En1996 je me plains de fortes douleurs du côté gauche me raisonnant aussi dans le bas ventre, celles-ci s’empirent de semaines en semaines. Rien, disent le médecin et les résultats des divers examens, radios, échographies et scintigraphies. Puis de mois en mois, d’années en années, mon état se dégrade, les douleurs s’en vont crescendo, les faux diagnostics se répètent, d’une part d’un généraliste, d’autre par d’un rhumatologue (tumeur ostéo ostéoïde, c’est dire mon moral à ce moment-là!!!). Je boite de plus en plus, j’utilise des béquilles, traînant mon mal désespérément, je vais même voir un psychiatre sur le conseil du généraliste me disant clairement que c’est sûrement d’origine psychique. Fortiche Nath au niveau psychique, me fêler le fémur avec le mental….! Hum, j’adore!

Le rhumatologue m’envoie donc au CHU de Strasbourg en juin 2001, pour me faire enlever cette tumeur par un grand spécialiste du laser. A deux doigts de m’opérer, le chirurgien arrête tout alors que je suis sur la table, juste avant la péridurale, et prononce enfin, le bon diagnostic de fracture du col du fémur, après un examen attentif de mes radios. Il me renvoie à la maison, désolé de ne rien pouvoir pour moi et un peu effaré de l’erreur de ses collègues, qui ont faillit lui faire commettre l’irréparable. J’ai le moral dans les chaussettes et la guibolle dans un sale état, la souffrance monte en puissance.

Vexé, le rhumatologue m’envoie quand même tout vérifier au CHU de Tours. Enfin, août 2001, opération d’un col du fémur qui est en fait cassé depuis 5 ans, intervention bienveillante et compétente des médecins et un chirurgien remarquable qui m’opère relativement rapidement, plaque, vis, rééducation…Rien ne sert de s’attarder sur ce que j’endure alors, la souffrance reste universelle, mais le seuil de tolérance est affaire de chacun, oui cela a été très difficile moralement et physiquement.
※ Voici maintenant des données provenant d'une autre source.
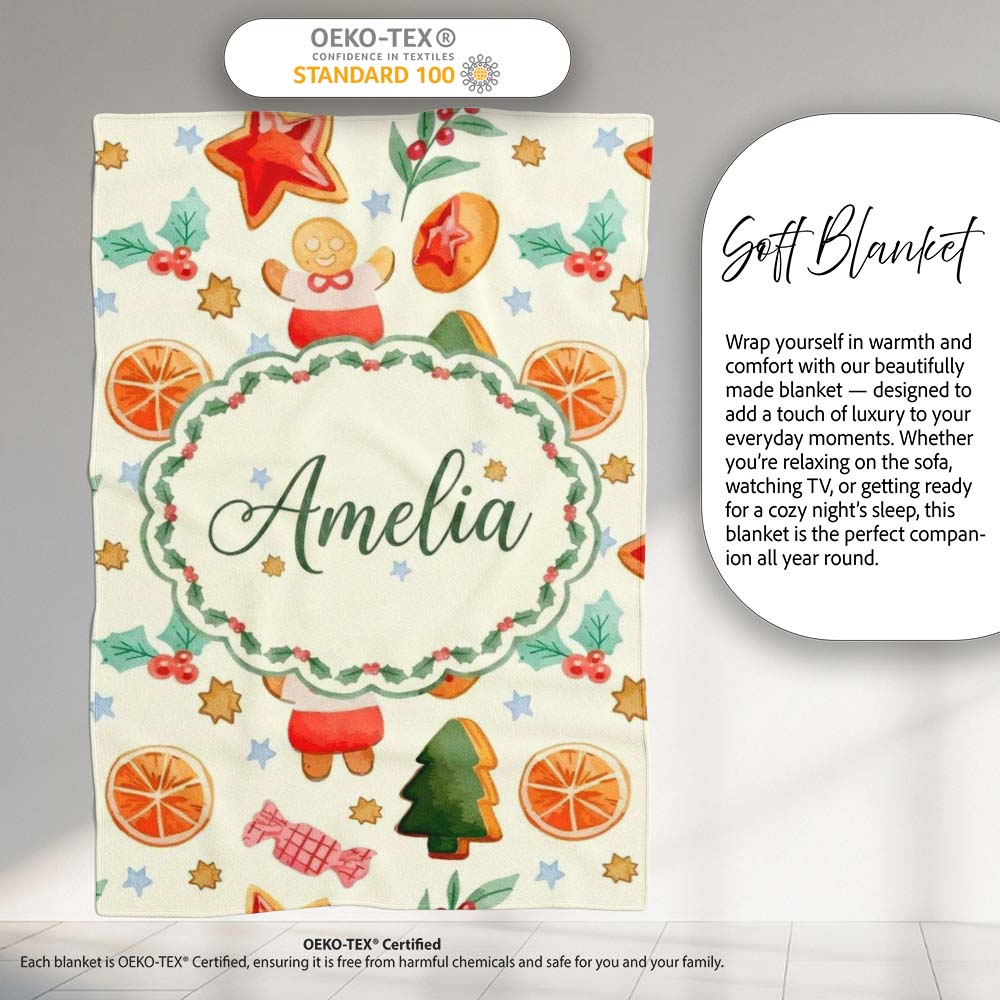 Cute Gingerbread Cookies Candy Orange Slice Christmas Seamless  Personalised Custom Name Super Soft Fleece Blanket Bed Sofa Throw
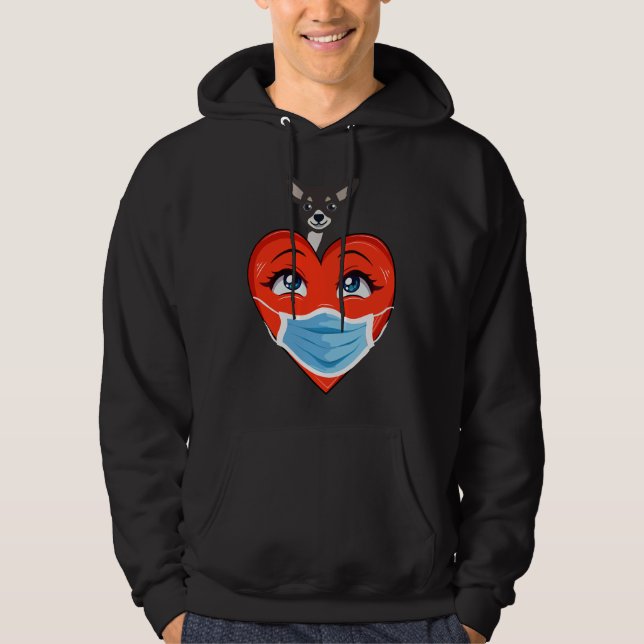Chihuahua Dog Heart In Mask Valentines Day Womens  Hoodie (Front)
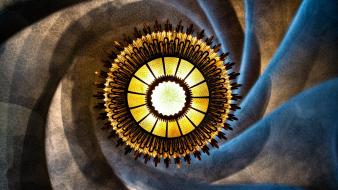 Lights architecture artwork chandelier ceiling spirals wallpaper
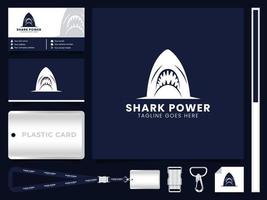 Shark power monogram logotyp med företagets mall för brevpapper vektor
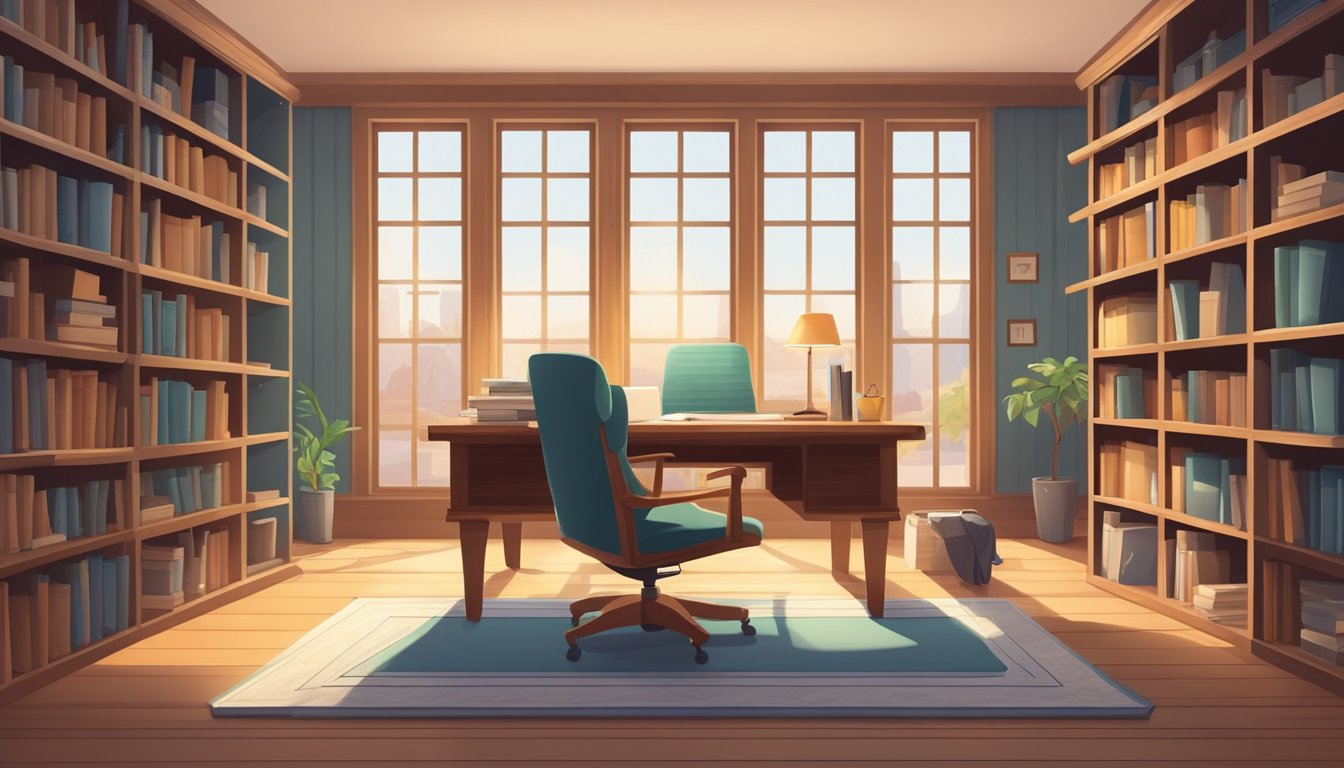 A cozy study room with a large wooden desk, bookshelves filled with books, a comfortable armchair, and a large window letting in natural light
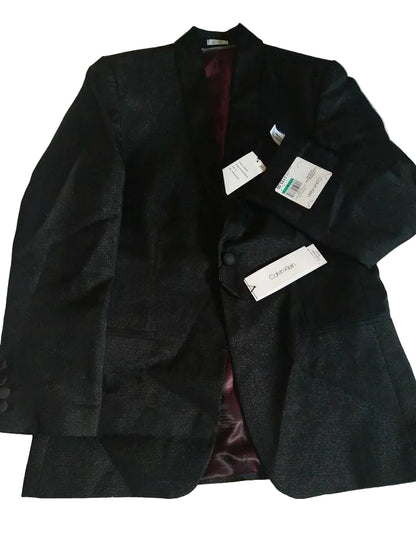 Calvin Klein Big Boys Metallic Shawl Suit Jacket.  Deep Black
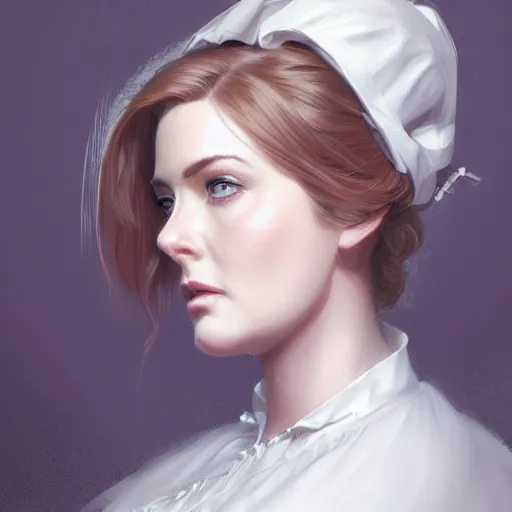 Image similar to a portrait of alexandra breckenridge as a maid, urban motifs, intricate, elegant, highly detailed, digital painting, trending on artstation, concept art, smooth sharp focus, illustration, art by artgerm and greg rutkowski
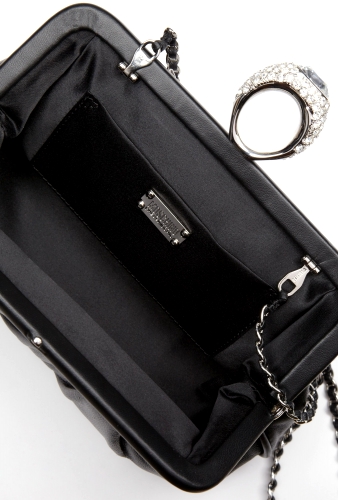 Black Cocktail Ring Clutch by Moschino Cheap & Chic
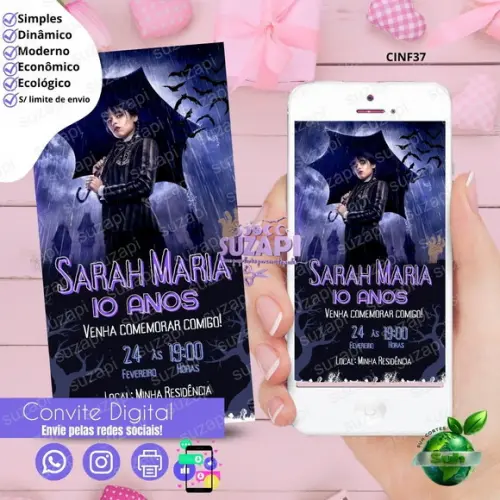 Convite Wandinha Digital Virtual Whatsapp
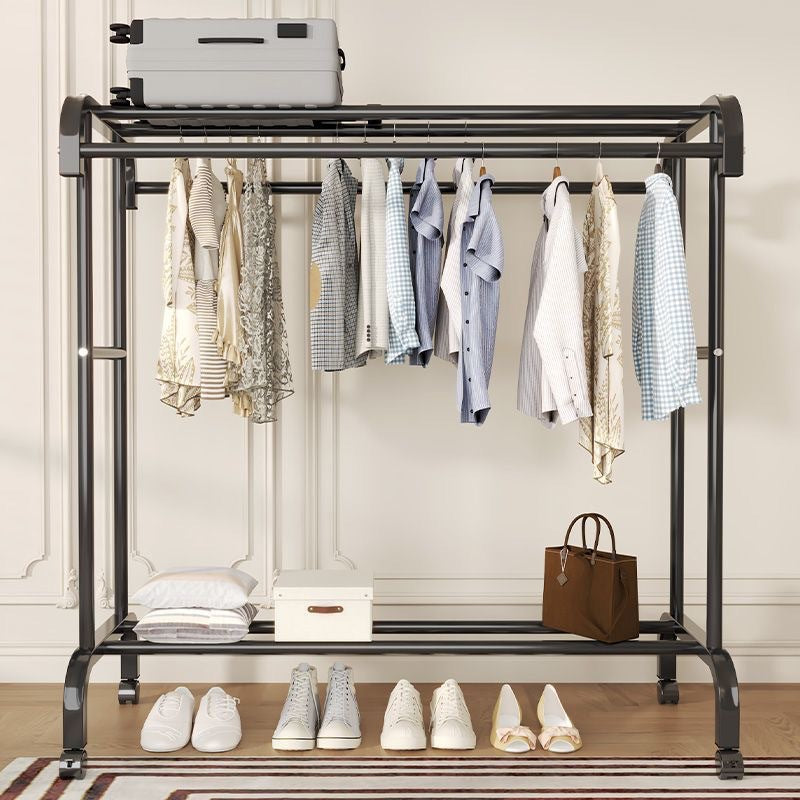 Suport dublu de umerase pentru haine, cu 1 suport de pantofi, din metal, cu raft depozitare deasupra – 50KG greutate maxima, 150x120x48cm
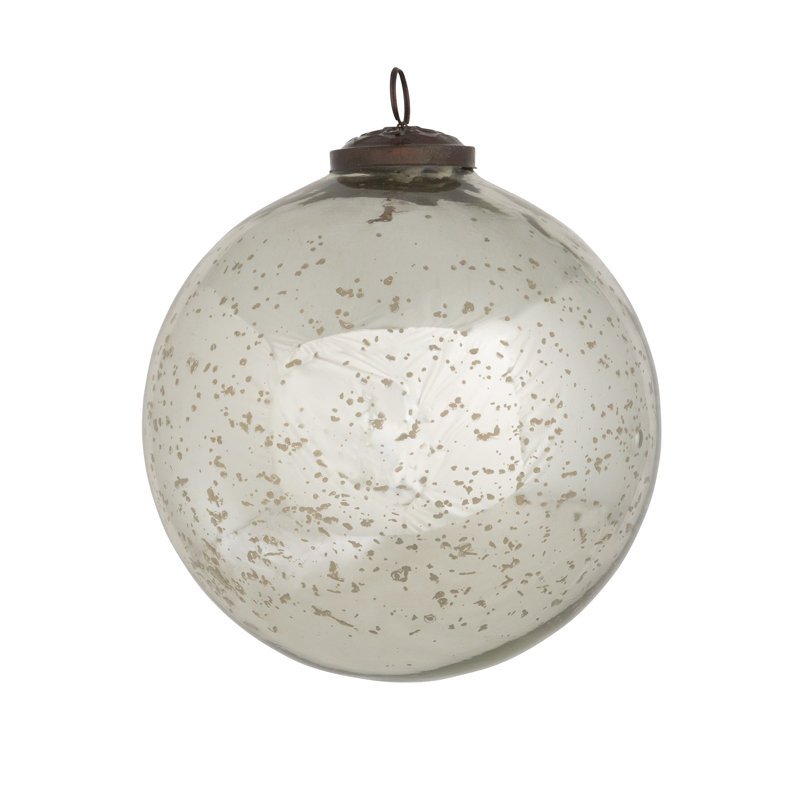 Retro Holiday Glass Ball Ornament, 6" H x 6" W x 6" D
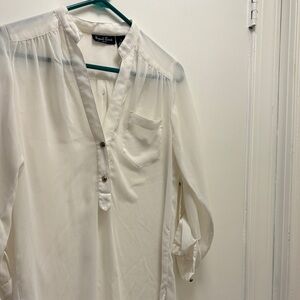 Speed Limit White Button-Up Shirt Size Small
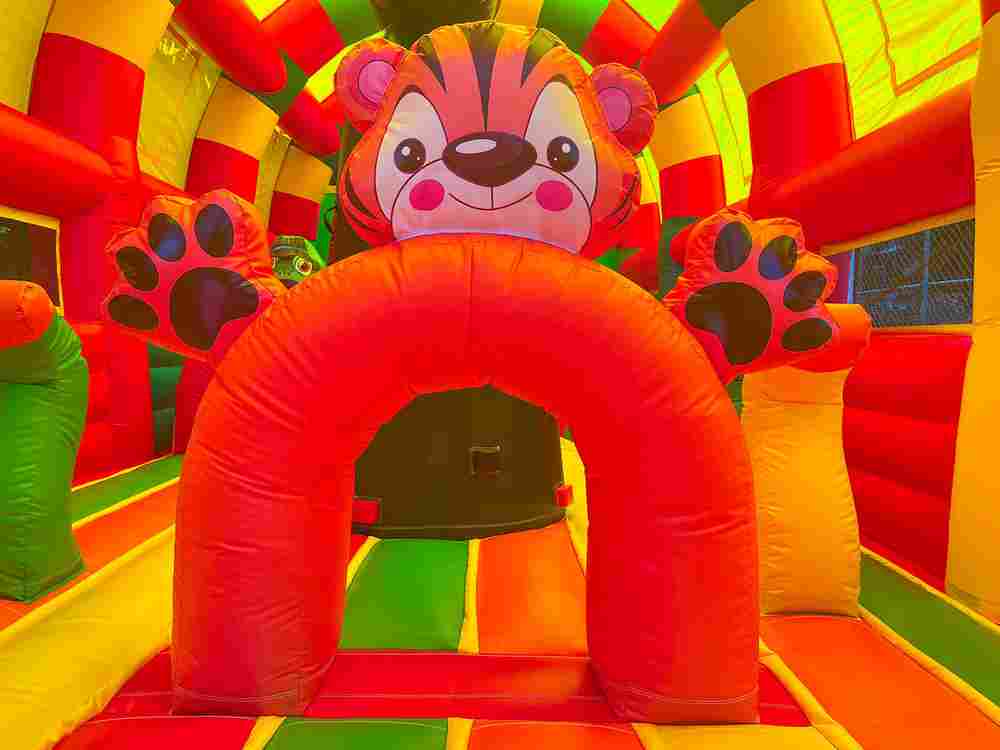 Коммерческий надувной батут «Страна Сафария 2» с крышей, 10x5x5 м.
Début 2004, décès de mon frère de 50 ans, malade depuis 2 ans, dans d’atroces souffrances liées à un cancer en phase terminale. Pour moi, l’enfer moral, gros traumatisme, sentiment d’injustice, perte incommensurable… Il ne me restait que lui au niveau familial – grosse solitude.

C’est là que je commence à imploser, la goutte d’eau qui fait déborder le vase fêlé que je suis depuis une quarantaine d’années : je suis déclarée fibromyalgique courant 2005.

Décembre 2006, endométriose diagnostiquée enfin après des années d’errance là aussi, coelioscopie. Cela aggrave encore ma condition de fibromyalgique et les douleurs s’invitent encore au banquet de mon existence.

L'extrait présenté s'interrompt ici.